Wielki talent na zakręcie. Były selekcjoner reprezentacji Polski ma dla niego radę
Transfer Marcusa Birkemose do Wybrzeża Gdańsk przypomina trochę wypożyczenie sprzed lat Darcy'ego Warda, który w nadmorskim klubie odjechał fantastyczny sezon i po roku przerwy wrócił do PGE Ekstraligi. Obaj mieli wielki talent, ale "uroki" życia stawały na drodze ich karier. - Marcus w odróżnieniu od Warda musi zacząć wszystko od nowa, stoczyć walkę ze swoją przyszłością i pokazać oblicze prawdziwego sportowca - mówi w rozmowie z Interia Sport Stanisław Chomski, trener współpracujący z Wardem w Gdańsku i z Birkemose w Gorzowie.
Ward przeniósł się na wypożyczenie z Torunia do Gdańska przed sezonem 2011. - Ten ruch miał na celu zmianę środowiska i zrobienie resetu. Wyszło mu to na dobre, ale z Wardem była troszeczkę inna historia niż teraz z Birkemose. Darcy przez cały czas był w trakcie uprawiania sportu, po prostu pozostawał w rytmie jazdy. Z Marcusem jest inaczej, przytrafił mu się jednak dość długi rozbrat od żużla. Obaj mieli wielkie predyspozycje, byli nieprzeciętnymi talentami - komentuje Stanisław Chomski, który oprócz pracy w Gdańsku i Gorzowie pracował też jako selekcjoner reprezentacji Polski.
Żużel. Darcy Ward i Marcus Birkemose są do siebie podobni?

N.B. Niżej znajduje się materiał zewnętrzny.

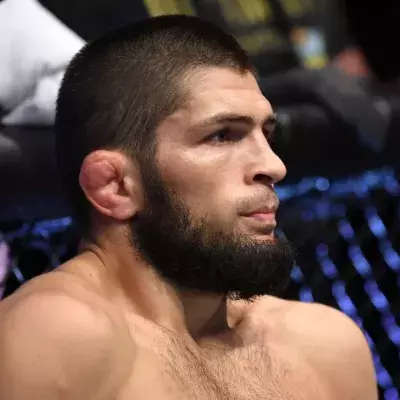 Khabib Nurmagomedov a pris sa retraite en 2020.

Poprosiliśmy trenera Chomskiego o porównanie Australijczyka i Duńczyka. - Mieli nietypowe charaktery, ale trudno ich porównać do siebie. Mieli w sobie coś takiego, co czasami budziło kontrowersje. Mam na myśli ich styl życia. Darcy był już u progu wielkiej kariery, niestety wypadek to wszystko przekreślił. Pewne burzliwe sprawy miał już za sobą. Marcus z kolei próbuje odbić się od dna, na którym się znalazł. Wiadomo dlaczego - opowiada szkoleniowiec.

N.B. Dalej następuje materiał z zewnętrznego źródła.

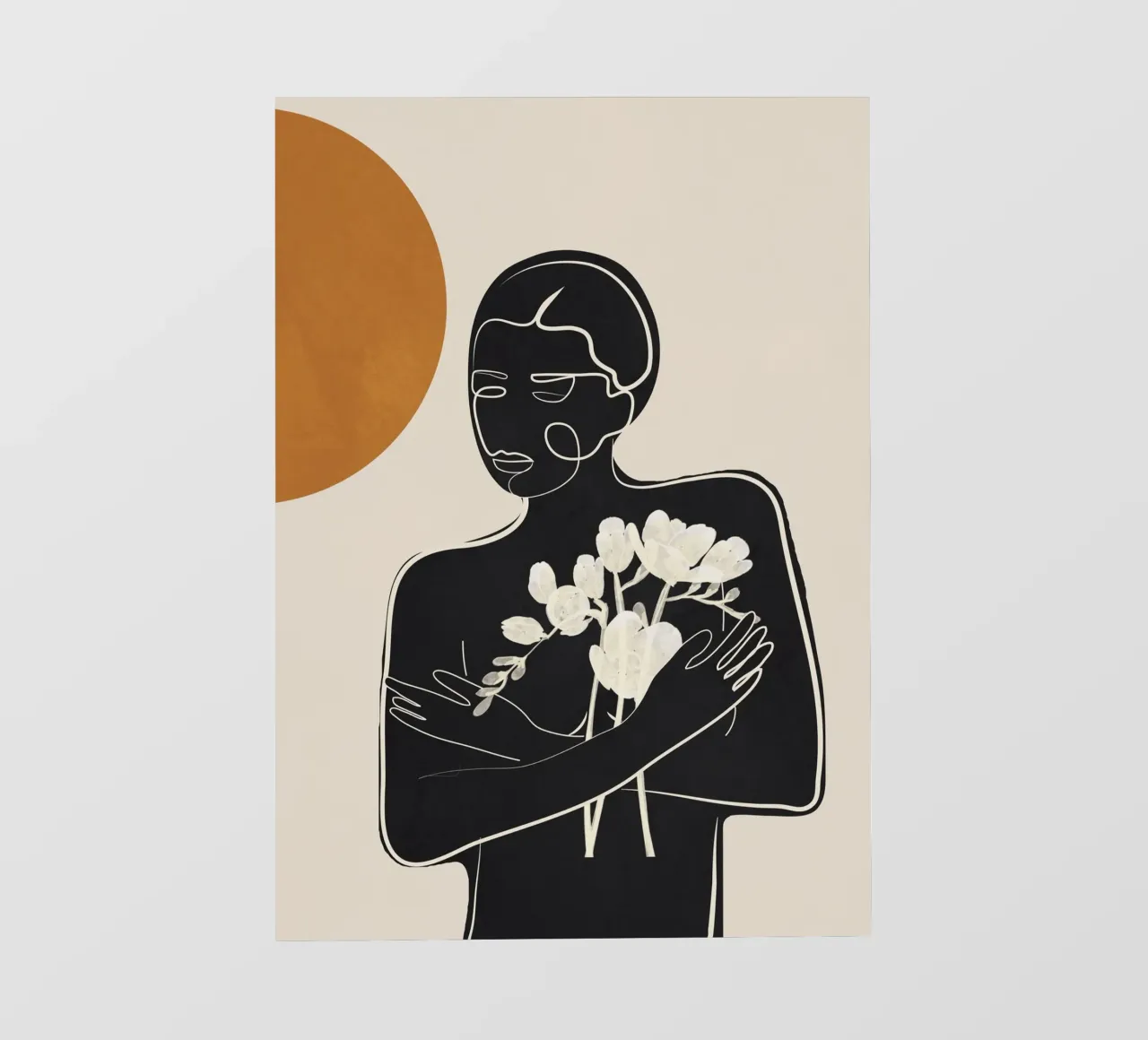 Touch of Bloom pellicola backlit da cityart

Karierę Warda w 2015 roku przerwał dramatyczny wypadek, przez który porusza się na wózku inwalidzkim (przerwany rdzeń kręgowy). Cztery lata wcześniej był jednak liderem Wybrzeża, prowadząc gdańszczan do PGE Ekstraligi. Czy niepokorny Birkemose również jest w stanie dać klubowi znad morza awans (do Metalkas 2. Ekstraligi)? - Nie lubię porównywać zawodników. Ludzie mówią, że Zmarzlik to drugi Gollob, ale każdy żużlowiec jest inny. Oczywiście, mogą być podobieństwa, jeśli chodzi o zadziorność, nieustępliwość, czy skuteczność jazdy, lecz mimo podobieństw, każdego coś odrożnia - zaznacza nasz rozmówca.
Legendarny klub ogłosił ważną wiadomość. Znany prezes głęboko sięgnie do kieszeni
- Marcus w odróżnieniu od Warda musi zacząć wszystko od nowa, stoczyć walkę ze swoją przyszłością, odwrócić kartę i pokazać oblicze prawdziwego sportowca. Jest to trudne, bo jego rozbrat był dość długi. Wielu sportowców ma taki charakter, że mimo przerwy spowodowanej czymś innym niż zwykłą kontuzją, nadal czują się młodzi, ale jednak nie wszystko wychodzi, jak przed przerwą. Oby tak nie było wprzypadku Duńczyka, ale różnie z tym bywa - dodaje Chomski.
Żużel. Krajowa Liga Żużlowa. Co powinno zrobić Wybrzeże Gdańsk?
Chomski w swojej karierze pracował z wieloma "trudnymi charakterami". Jak trafił do Warda i jak trafić do Birkemose? - W przypadku Marcusa potrzeba cierpliwości, aby odnalazł się w aktualnej sytuacji. To zawodnik o nieprzeciętnym talencie i wielkich możliwościach. Z Wardem była dużo łatwiejsza sytuacja. Chodziło o ustalenie pewnych reguł gry, byliśmy na siebie skazani i wszystkiego przestrzegał. Tak samo, jak my w klubie. Ludzie, którzy będą odpowiadać za starty Duńczyka w Gdańsku, muszą mu powiedzieć, jak ta współpraca ma wyglądać - podsumowuje 67-letni trener.